Source data:
===
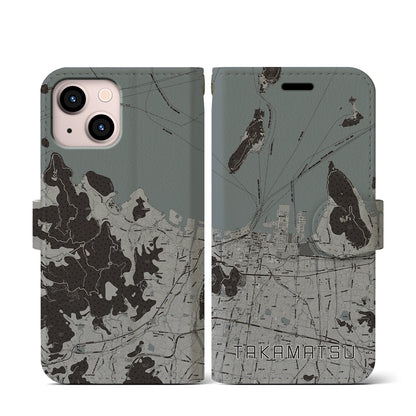 【高松（香川県）】地図柄iPhoneケース（手帳タイプ）モノトーン・iPhone 13 mini 用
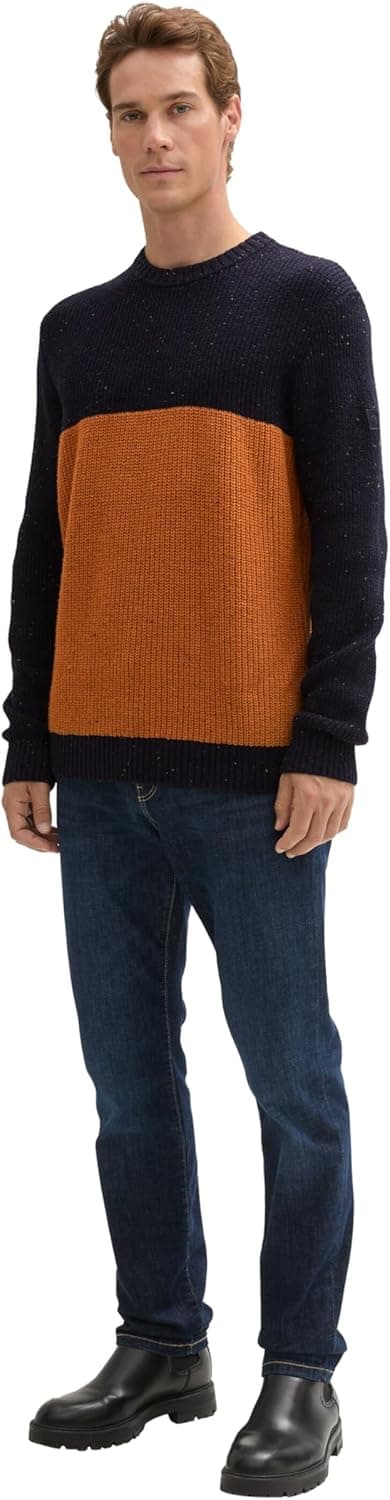 Detalle de TOM TAILOR Pullover da uomo in jersey testurizzato con logo sulla manica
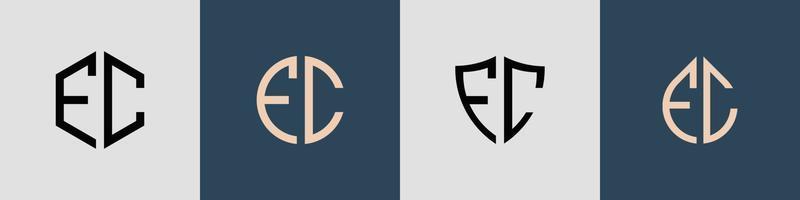creatief gemakkelijk eerste brieven fc logo ontwerpen bundel. vector
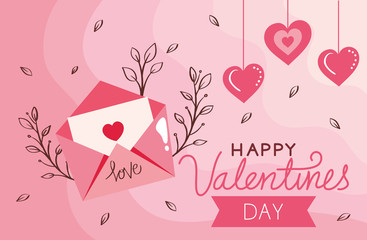 happy valentines day card with envelope and decoration vector illustration design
===
Assignment:
Output each line of the listing above, word for word, from the one holding "Detalle de TOM" through the last line, both included; omit the pictures.

Written response:
 Detalle de TOM TAILOR Pullover da uomo in jersey testurizzato con logo sulla manica
creatief gemakkelijk eerste brieven fc logo ontwerpen bundel. vector
 happy valentines day card with envelope and decoration vector illustration design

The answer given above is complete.